▶ [TASK DIRECTIONS] Repeat all the data exactly, and where a record holds a picture, leave that picture out.

Content starts

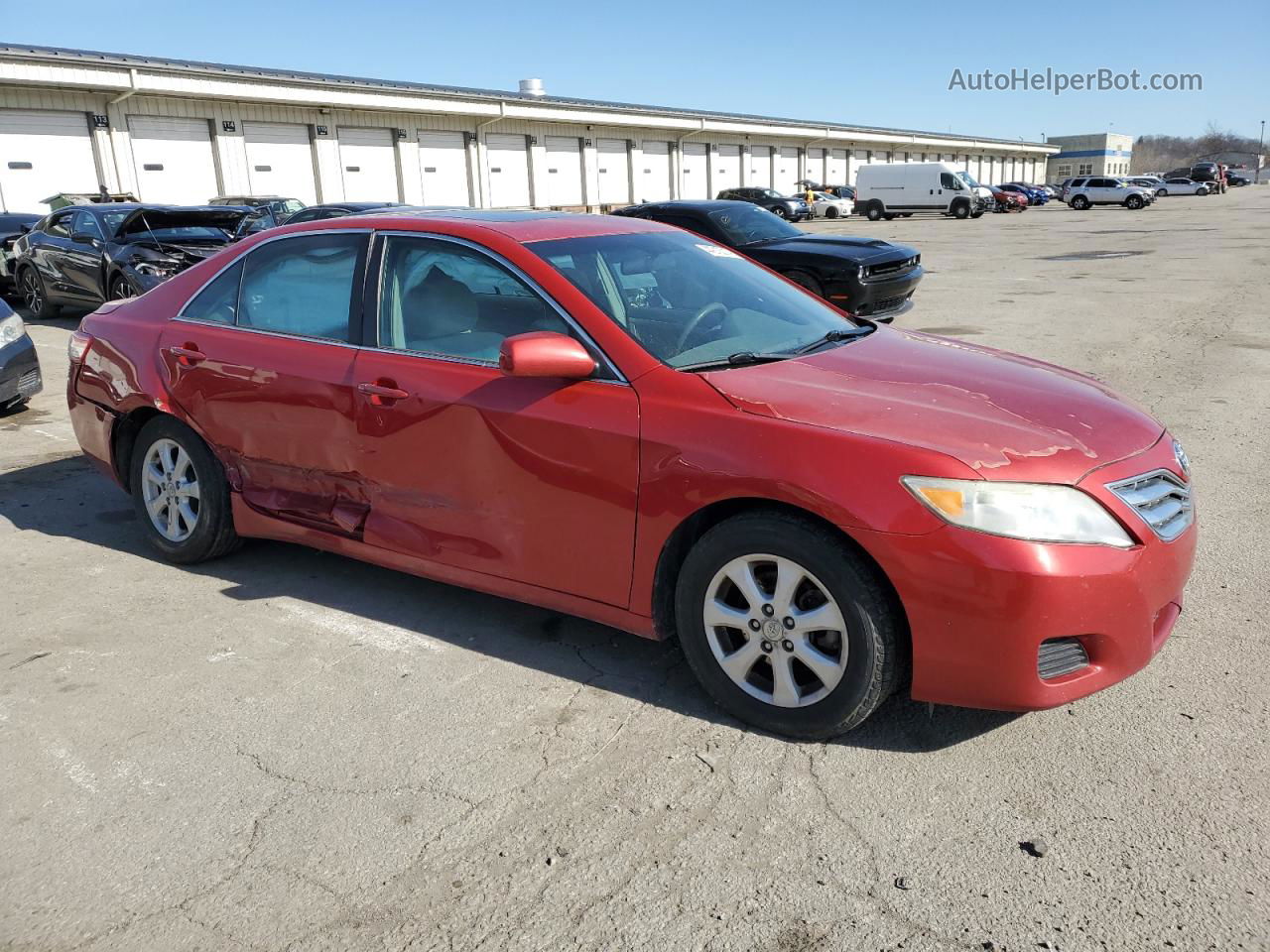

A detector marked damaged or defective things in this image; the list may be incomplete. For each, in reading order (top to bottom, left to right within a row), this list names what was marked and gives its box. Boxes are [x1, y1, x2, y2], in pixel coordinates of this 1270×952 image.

cracked asphalt [0, 187, 1262, 952]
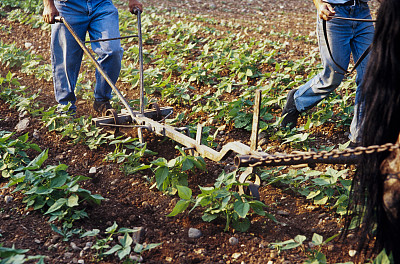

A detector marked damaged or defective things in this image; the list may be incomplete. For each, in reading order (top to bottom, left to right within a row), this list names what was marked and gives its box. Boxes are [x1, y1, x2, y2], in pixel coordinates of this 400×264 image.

rusty chain [247, 142, 400, 167]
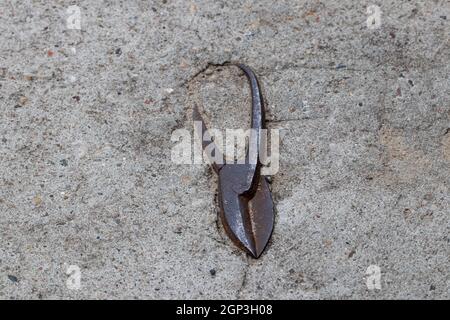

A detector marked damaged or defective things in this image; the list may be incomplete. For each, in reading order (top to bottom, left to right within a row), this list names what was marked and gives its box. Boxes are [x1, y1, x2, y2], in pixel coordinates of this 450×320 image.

rusty metal tool [193, 62, 274, 258]
rusty metal object [193, 63, 274, 258]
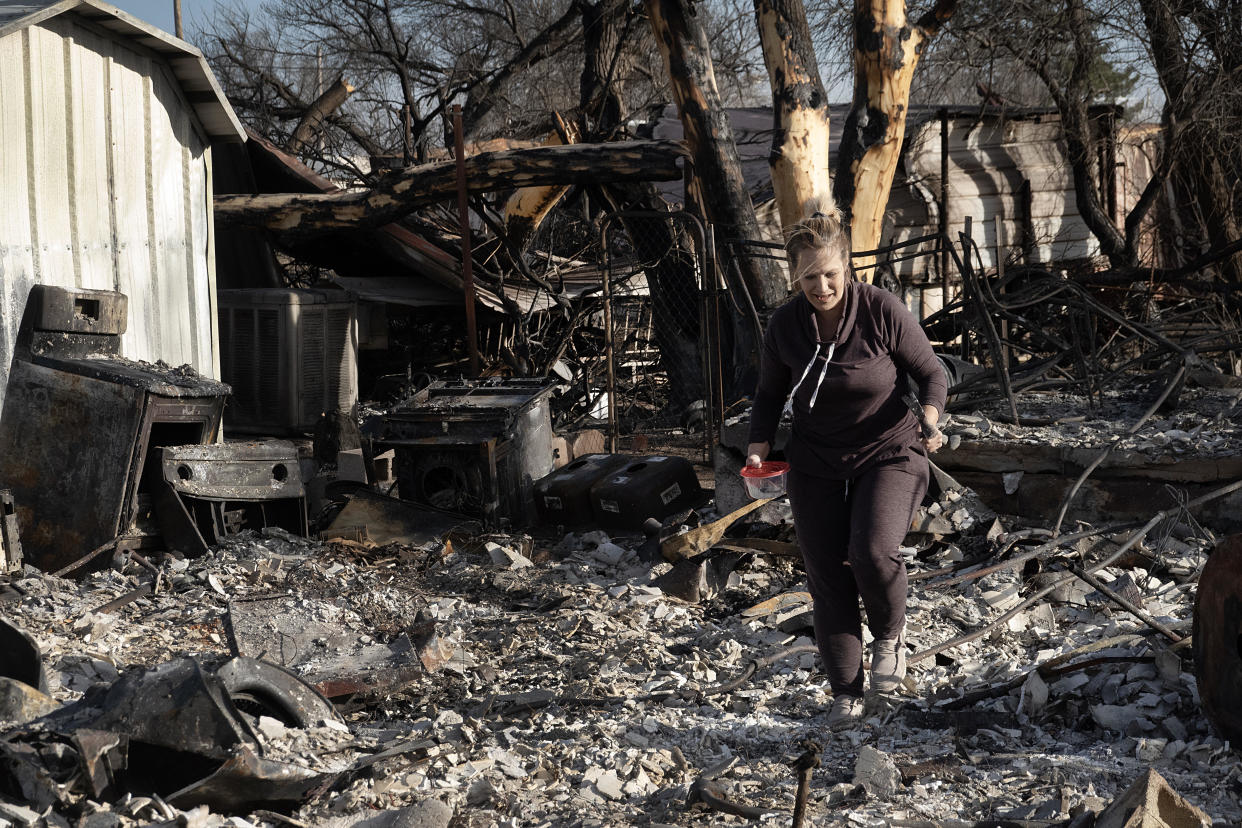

Content ends

▶ [SOLUTION]
A detector marked damaged or defective things in this image; the list may be incomplete. For each, in reading order (top to bottom, left to right within a row), this list names what was marked and gives its box. Boxes are [x1, y1, x2, y2], in pixel coordinates of this 1270×952 image.

cracked asphalt [0, 187, 1262, 952]

A detector marked damaged or defective things in this image; the list may be incomplete. For each, in reading order (top to bottom, left to right within a row), this list names what was marked and gives its box. Boxes are [x1, y1, x2, y2], in pixel coordinates of this 400×264 image.

rusty chain [247, 142, 400, 167]

A detector marked damaged or defective things in this image; the list may be incomplete. For each, in reading order (top to bottom, left to right within a row), this list names what was marked and gives its box. Boxes are [x1, y1, x2, y2], in pixel coordinates of this 450×320 image.

rusty metal tool [193, 62, 274, 258]
rusty metal object [193, 63, 274, 258]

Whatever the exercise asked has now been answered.